What to work on |
The data below should be restated word for word, pictures omitted.

Data shown |
BEGIN

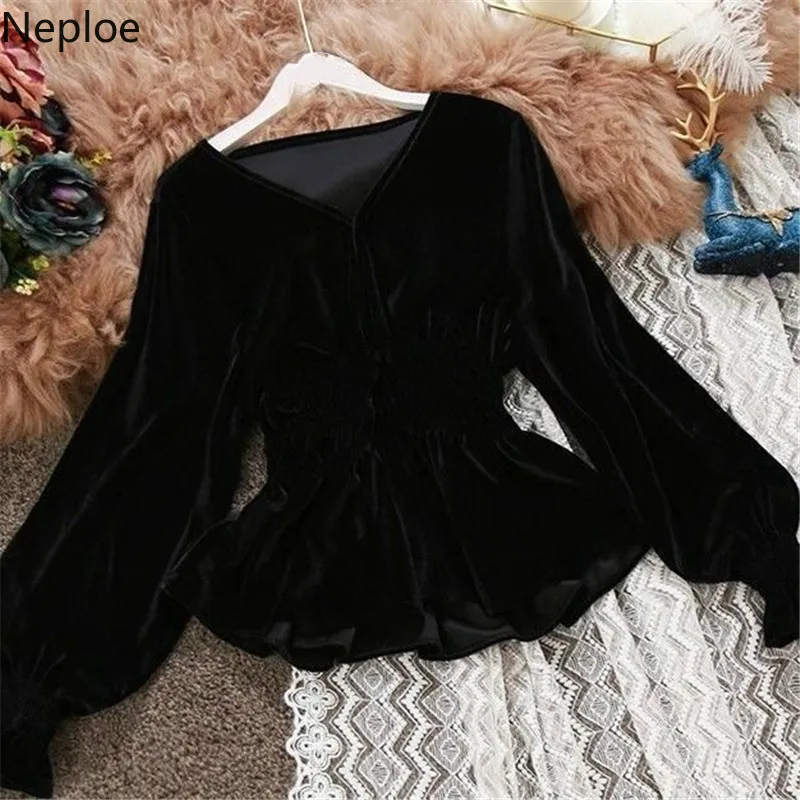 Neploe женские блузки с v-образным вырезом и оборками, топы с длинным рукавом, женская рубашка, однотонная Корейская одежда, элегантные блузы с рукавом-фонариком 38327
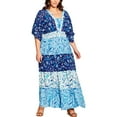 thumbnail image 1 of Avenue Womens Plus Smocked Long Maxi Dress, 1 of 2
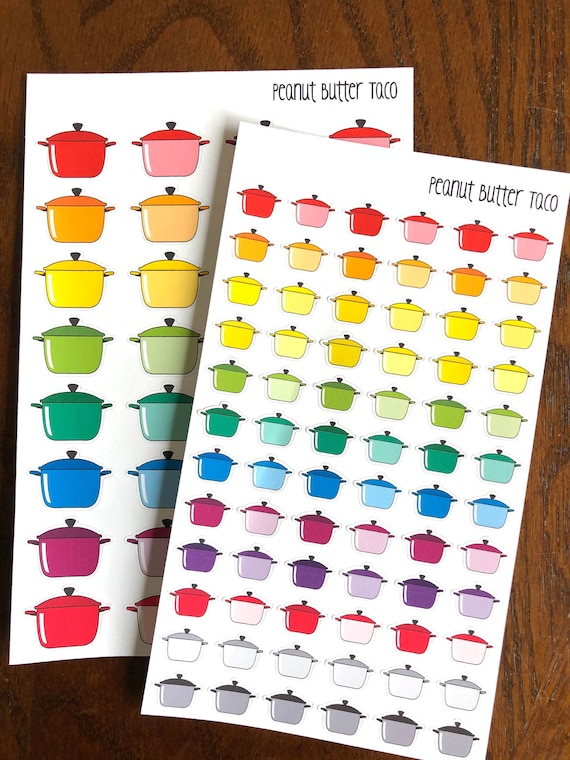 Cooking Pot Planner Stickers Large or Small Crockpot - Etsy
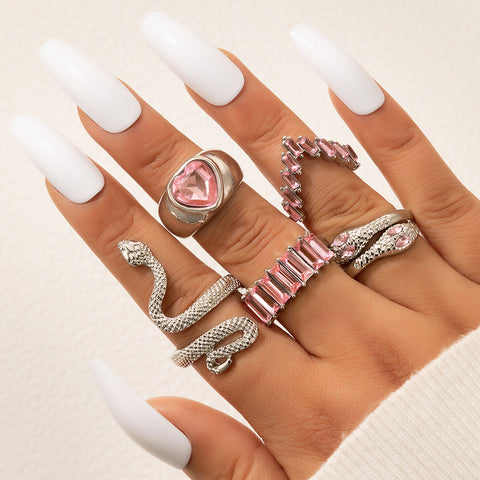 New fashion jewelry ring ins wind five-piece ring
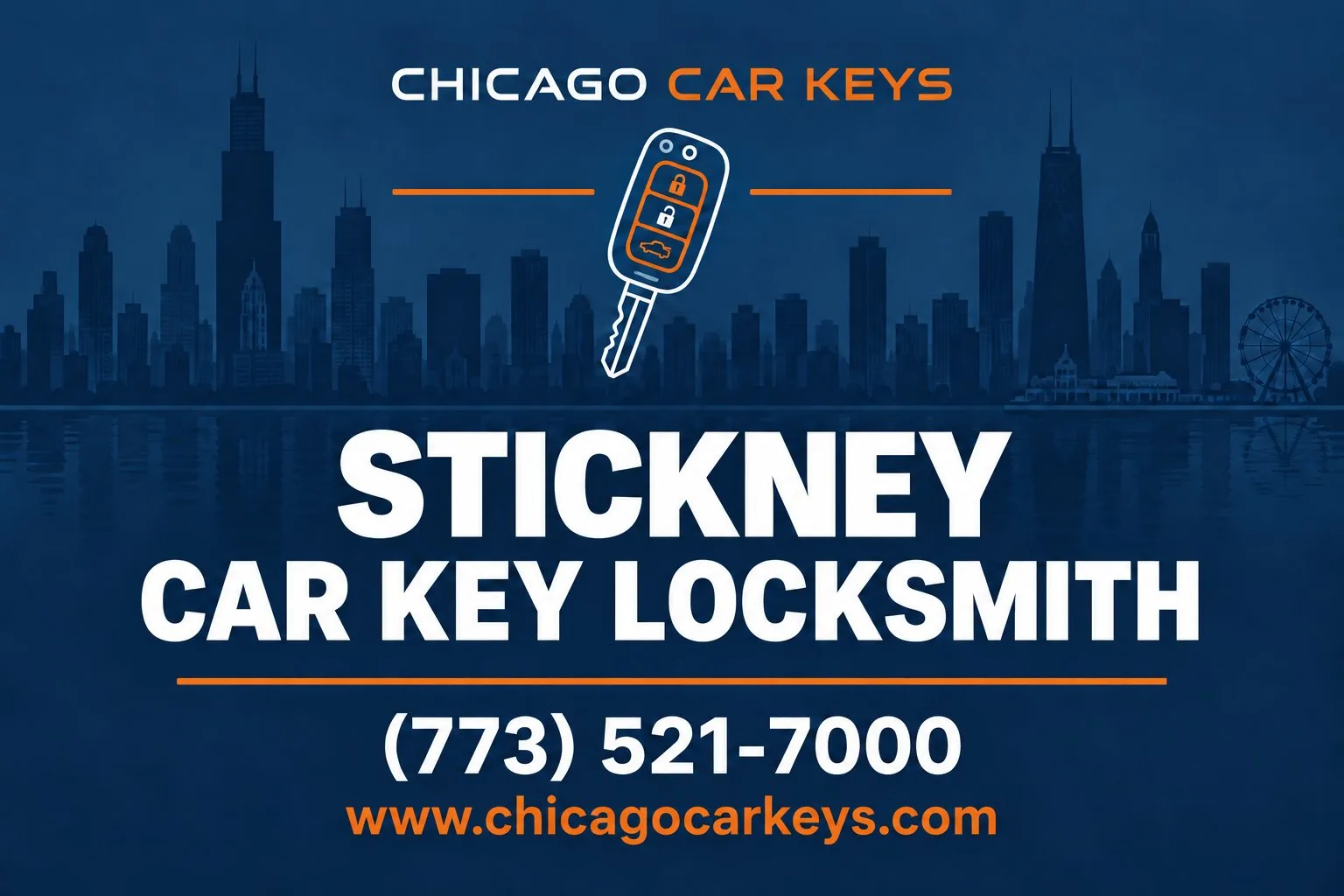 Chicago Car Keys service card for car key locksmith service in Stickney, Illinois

END

Expected answer |
 Neploe женские блузки с v-образным вырезом и оборками, топы с длинным рукавом, женская рубашка, однотонная Корейская одежда, элегантные блузы с рукавом-фонариком 38327
 thumbnail image 1 of Avenue Womens Plus Smocked Long Maxi Dress, 1 of 2
 Cooking Pot Planner Stickers Large or Small Crockpot - Etsy
 New fashion jewelry ring ins wind five-piece ring
 Chicago Car Keys service card for car key locksmith service in Stickney, Illinois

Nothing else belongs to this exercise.